§ **Task instructions**: Write the records out again, exactly.

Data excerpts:
- - -

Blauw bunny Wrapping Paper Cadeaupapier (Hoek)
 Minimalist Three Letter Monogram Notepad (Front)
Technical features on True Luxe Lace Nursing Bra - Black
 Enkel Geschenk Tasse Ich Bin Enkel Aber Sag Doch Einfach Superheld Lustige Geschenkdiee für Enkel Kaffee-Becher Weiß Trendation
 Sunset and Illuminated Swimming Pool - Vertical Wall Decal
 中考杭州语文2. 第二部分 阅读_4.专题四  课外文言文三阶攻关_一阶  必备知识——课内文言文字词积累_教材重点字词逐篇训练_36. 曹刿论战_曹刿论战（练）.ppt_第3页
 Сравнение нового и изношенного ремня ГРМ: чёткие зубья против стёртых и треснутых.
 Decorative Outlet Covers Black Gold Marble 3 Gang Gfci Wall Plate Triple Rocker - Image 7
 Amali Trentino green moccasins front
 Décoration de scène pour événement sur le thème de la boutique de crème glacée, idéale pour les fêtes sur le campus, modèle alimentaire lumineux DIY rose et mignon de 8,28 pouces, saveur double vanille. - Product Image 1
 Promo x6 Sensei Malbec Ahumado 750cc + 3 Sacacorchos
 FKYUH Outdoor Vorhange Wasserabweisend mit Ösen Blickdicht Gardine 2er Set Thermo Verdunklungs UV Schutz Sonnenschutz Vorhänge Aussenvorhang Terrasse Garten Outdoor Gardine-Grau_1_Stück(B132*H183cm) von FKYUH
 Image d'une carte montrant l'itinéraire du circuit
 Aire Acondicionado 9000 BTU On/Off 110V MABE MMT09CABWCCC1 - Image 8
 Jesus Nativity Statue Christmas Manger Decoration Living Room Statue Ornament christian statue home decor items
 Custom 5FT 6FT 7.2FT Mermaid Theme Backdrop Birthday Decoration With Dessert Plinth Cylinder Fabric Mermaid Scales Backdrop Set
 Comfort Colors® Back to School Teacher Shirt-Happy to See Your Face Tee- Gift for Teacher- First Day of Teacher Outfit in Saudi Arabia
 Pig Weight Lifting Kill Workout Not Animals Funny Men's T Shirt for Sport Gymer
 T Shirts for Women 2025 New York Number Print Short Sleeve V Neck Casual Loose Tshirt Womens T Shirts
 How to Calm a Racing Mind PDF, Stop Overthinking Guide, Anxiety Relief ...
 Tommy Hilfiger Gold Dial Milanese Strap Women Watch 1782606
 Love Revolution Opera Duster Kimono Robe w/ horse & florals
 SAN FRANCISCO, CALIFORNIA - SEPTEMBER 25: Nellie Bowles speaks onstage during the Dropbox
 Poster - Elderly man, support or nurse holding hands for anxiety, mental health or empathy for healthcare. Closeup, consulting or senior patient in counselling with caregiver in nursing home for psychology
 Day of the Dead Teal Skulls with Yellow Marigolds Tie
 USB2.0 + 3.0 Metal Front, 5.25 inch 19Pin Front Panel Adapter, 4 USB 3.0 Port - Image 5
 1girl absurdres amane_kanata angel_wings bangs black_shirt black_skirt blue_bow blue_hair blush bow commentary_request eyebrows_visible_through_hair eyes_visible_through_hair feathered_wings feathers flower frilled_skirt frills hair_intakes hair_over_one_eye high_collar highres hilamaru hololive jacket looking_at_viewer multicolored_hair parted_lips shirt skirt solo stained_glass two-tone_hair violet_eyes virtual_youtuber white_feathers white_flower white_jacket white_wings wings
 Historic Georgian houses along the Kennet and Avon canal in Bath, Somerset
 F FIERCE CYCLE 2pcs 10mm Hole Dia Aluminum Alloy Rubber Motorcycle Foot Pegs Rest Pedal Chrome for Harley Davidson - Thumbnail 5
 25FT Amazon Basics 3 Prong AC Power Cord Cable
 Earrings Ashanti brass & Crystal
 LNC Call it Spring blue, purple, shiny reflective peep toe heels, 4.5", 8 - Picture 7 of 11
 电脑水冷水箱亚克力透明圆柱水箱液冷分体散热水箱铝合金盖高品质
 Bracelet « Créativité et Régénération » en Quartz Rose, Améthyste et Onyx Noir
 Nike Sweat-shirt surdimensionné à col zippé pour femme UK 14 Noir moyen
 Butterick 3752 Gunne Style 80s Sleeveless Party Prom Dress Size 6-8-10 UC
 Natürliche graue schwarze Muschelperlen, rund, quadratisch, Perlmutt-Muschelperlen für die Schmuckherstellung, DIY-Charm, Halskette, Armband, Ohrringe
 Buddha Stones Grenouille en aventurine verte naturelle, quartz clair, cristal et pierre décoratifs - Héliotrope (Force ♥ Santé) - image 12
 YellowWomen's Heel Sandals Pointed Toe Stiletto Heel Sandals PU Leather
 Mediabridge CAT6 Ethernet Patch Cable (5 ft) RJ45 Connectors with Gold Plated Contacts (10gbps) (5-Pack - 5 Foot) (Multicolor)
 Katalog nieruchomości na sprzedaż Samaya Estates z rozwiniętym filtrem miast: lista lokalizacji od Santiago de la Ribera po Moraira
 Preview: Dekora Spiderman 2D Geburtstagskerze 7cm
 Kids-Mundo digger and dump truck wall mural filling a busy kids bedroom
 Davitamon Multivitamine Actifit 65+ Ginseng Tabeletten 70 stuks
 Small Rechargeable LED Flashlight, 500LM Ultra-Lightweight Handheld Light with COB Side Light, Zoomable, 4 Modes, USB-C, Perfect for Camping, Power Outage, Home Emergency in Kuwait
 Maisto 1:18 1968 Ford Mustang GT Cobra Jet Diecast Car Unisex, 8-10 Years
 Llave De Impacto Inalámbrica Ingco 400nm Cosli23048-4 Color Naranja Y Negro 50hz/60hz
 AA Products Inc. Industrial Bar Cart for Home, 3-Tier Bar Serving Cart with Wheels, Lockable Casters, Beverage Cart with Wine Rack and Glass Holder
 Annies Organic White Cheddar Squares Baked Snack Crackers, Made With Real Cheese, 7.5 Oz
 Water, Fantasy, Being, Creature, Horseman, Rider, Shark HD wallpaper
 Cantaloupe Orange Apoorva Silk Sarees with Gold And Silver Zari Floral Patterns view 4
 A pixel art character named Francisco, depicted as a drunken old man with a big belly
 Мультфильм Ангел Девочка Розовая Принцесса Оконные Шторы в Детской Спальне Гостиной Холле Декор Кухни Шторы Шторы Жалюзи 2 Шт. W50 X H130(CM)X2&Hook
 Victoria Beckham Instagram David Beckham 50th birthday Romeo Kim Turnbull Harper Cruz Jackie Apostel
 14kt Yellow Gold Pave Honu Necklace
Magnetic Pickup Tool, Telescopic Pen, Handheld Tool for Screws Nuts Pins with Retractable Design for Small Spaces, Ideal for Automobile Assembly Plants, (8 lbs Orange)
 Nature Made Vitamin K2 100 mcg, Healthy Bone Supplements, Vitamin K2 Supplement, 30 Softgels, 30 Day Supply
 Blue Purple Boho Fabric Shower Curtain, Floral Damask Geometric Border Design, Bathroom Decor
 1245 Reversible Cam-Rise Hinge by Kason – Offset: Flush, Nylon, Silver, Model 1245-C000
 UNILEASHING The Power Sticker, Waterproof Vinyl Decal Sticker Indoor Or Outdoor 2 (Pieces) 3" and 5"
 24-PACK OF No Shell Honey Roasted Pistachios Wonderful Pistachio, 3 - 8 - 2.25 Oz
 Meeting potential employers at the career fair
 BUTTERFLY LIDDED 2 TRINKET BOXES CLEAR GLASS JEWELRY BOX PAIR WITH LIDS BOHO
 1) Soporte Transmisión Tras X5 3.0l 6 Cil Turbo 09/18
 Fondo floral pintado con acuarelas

- - -

§ **Exercise result**:
Blauw bunny Wrapping Paper Cadeaupapier (Hoek)
 Minimalist Three Letter Monogram Notepad (Front)
Technical features on True Luxe Lace Nursing Bra - Black
 Enkel Geschenk Tasse Ich Bin Enkel Aber Sag Doch Einfach Superheld Lustige Geschenkdiee für Enkel Kaffee-Becher Weiß Trendation
 Sunset and Illuminated Swimming Pool - Vertical Wall Decal
 中考杭州语文2. 第二部分 阅读_4.专题四  课外文言文三阶攻关_一阶  必备知识——课内文言文字词积累_教材重点字词逐篇训练_36. 曹刿论战_曹刿论战（练）.ppt_第3页
 Сравнение нового и изношенного ремня ГРМ: чёткие зубья против стёртых и треснутых.
 Decorative Outlet Covers Black Gold Marble 3 Gang Gfci Wall Plate Triple Rocker - Image 7
 Amali Trentino green moccasins front
 Décoration de scène pour événement sur le thème de la boutique de crème glacée, idéale pour les fêtes sur le campus, modèle alimentaire lumineux DIY rose et mignon de 8,28 pouces, saveur double vanille. - Product Image 1
 Promo x6 Sensei Malbec Ahumado 750cc + 3 Sacacorchos
 FKYUH Outdoor Vorhange Wasserabweisend mit Ösen Blickdicht Gardine 2er Set Thermo Verdunklungs UV Schutz Sonnenschutz Vorhänge Aussenvorhang Terrasse Garten Outdoor Gardine-Grau_1_Stück(B132*H183cm) von FKYUH
 Image d'une carte montrant l'itinéraire du circuit
 Aire Acondicionado 9000 BTU On/Off 110V MABE MMT09CABWCCC1 - Image 8
 Jesus Nativity Statue Christmas Manger Decoration Living Room Statue Ornament christian statue home decor items
 Custom 5FT 6FT 7.2FT Mermaid Theme Backdrop Birthday Decoration With Dessert Plinth Cylinder Fabric Mermaid Scales Backdrop Set
 Comfort Colors® Back to School Teacher Shirt-Happy to See Your Face Tee- Gift for Teacher- First Day of Teacher Outfit in Saudi Arabia
 Pig Weight Lifting Kill Workout Not Animals Funny Men's T Shirt for Sport Gymer
 T Shirts for Women 2025 New York Number Print Short Sleeve V Neck Casual Loose Tshirt Womens T Shirts
 How to Calm a Racing Mind PDF, Stop Overthinking Guide, Anxiety Relief ...
 Tommy Hilfiger Gold Dial Milanese Strap Women Watch 1782606
 Love Revolution Opera Duster Kimono Robe w/ horse & florals
 SAN FRANCISCO, CALIFORNIA - SEPTEMBER 25: Nellie Bowles speaks onstage during the Dropbox
 Poster - Elderly man, support or nurse holding hands for anxiety, mental health or empathy for healthcare. Closeup, consulting or senior patient in counselling with caregiver in nursing home for psychology
 Day of the Dead Teal Skulls with Yellow Marigolds Tie
 USB2.0 + 3.0 Metal Front, 5.25 inch 19Pin Front Panel Adapter, 4 USB 3.0 Port - Image 5
 1girl absurdres amane_kanata angel_wings bangs black_shirt black_skirt blue_bow blue_hair blush bow commentary_request eyebrows_visible_through_hair eyes_visible_through_hair feathered_wings feathers flower frilled_skirt frills hair_intakes hair_over_one_eye high_collar highres hilamaru hololive jacket looking_at_viewer multicolored_hair parted_lips shirt skirt solo stained_glass two-tone_hair violet_eyes virtual_youtuber white_feathers white_flower white_jacket white_wings wings
 Historic Georgian houses along the Kennet and Avon canal in Bath, Somerset
 F FIERCE CYCLE 2pcs 10mm Hole Dia Aluminum Alloy Rubber Motorcycle Foot Pegs Rest Pedal Chrome for Harley Davidson - Thumbnail 5
 25FT Amazon Basics 3 Prong AC Power Cord Cable
 Earrings Ashanti brass & Crystal
 LNC Call it Spring blue, purple, shiny reflective peep toe heels, 4.5", 8 - Picture 7 of 11
 电脑水冷水箱亚克力透明圆柱水箱液冷分体散热水箱铝合金盖高品质
 Bracelet « Créativité et Régénération » en Quartz Rose, Améthyste et Onyx Noir
 Nike Sweat-shirt surdimensionné à col zippé pour femme UK 14 Noir moyen
 Butterick 3752 Gunne Style 80s Sleeveless Party Prom Dress Size 6-8-10 UC
 Natürliche graue schwarze Muschelperlen, rund, quadratisch, Perlmutt-Muschelperlen für die Schmuckherstellung, DIY-Charm, Halskette, Armband, Ohrringe
 Buddha Stones Grenouille en aventurine verte naturelle, quartz clair, cristal et pierre décoratifs - Héliotrope (Force ♥ Santé) - image 12
 YellowWomen's Heel Sandals Pointed Toe Stiletto Heel Sandals PU Leather
 Mediabridge CAT6 Ethernet Patch Cable (5 ft) RJ45 Connectors with Gold Plated Contacts (10gbps) (5-Pack - 5 Foot) (Multicolor)
 Katalog nieruchomości na sprzedaż Samaya Estates z rozwiniętym filtrem miast: lista lokalizacji od Santiago de la Ribera po Moraira
 Preview: Dekora Spiderman 2D Geburtstagskerze 7cm
 Kids-Mundo digger and dump truck wall mural filling a busy kids bedroom
 Davitamon Multivitamine Actifit 65+ Ginseng Tabeletten 70 stuks
 Small Rechargeable LED Flashlight, 500LM Ultra-Lightweight Handheld Light with COB Side Light, Zoomable, 4 Modes, USB-C, Perfect for Camping, Power Outage, Home Emergency in Kuwait
 Maisto 1:18 1968 Ford Mustang GT Cobra Jet Diecast Car Unisex, 8-10 Years
 Llave De Impacto Inalámbrica Ingco 400nm Cosli23048-4 Color Naranja Y Negro 50hz/60hz
 AA Products Inc. Industrial Bar Cart for Home, 3-Tier Bar Serving Cart with Wheels, Lockable Casters, Beverage Cart with Wine Rack and Glass Holder
 Annies Organic White Cheddar Squares Baked Snack Crackers, Made With Real Cheese, 7.5 Oz
 Water, Fantasy, Being, Creature, Horseman, Rider, Shark HD wallpaper
 Cantaloupe Orange Apoorva Silk Sarees with Gold And Silver Zari Floral Patterns view 4
 A pixel art character named Francisco, depicted as a drunken old man with a big belly
 Мультфильм Ангел Девочка Розовая Принцесса Оконные Шторы в Детской Спальне Гостиной Холле Декор Кухни Шторы Шторы Жалюзи 2 Шт. W50 X H130(CM)X2&Hook
 Victoria Beckham Instagram David Beckham 50th birthday Romeo Kim Turnbull Harper Cruz Jackie Apostel
 14kt Yellow Gold Pave Honu Necklace
Magnetic Pickup Tool, Telescopic Pen, Handheld Tool for Screws Nuts Pins with Retractable Design for Small Spaces, Ideal for Automobile Assembly Plants, (8 lbs Orange)
 Nature Made Vitamin K2 100 mcg, Healthy Bone Supplements, Vitamin K2 Supplement, 30 Softgels, 30 Day Supply
 Blue Purple Boho Fabric Shower Curtain, Floral Damask Geometric Border Design, Bathroom Decor
 1245 Reversible Cam-Rise Hinge by Kason – Offset: Flush, Nylon, Silver, Model 1245-C000
 UNILEASHING The Power Sticker, Waterproof Vinyl Decal Sticker Indoor Or Outdoor 2 (Pieces) 3" and 5"
 24-PACK OF No Shell Honey Roasted Pistachios Wonderful Pistachio, 3 - 8 - 2.25 Oz
 Meeting potential employers at the career fair
 BUTTERFLY LIDDED 2 TRINKET BOXES CLEAR GLASS JEWELRY BOX PAIR WITH LIDS BOHO
 1) Soporte Transmisión Tras X5 3.0l 6 Cil Turbo 09/18
 Fondo floral pintado con acuarelas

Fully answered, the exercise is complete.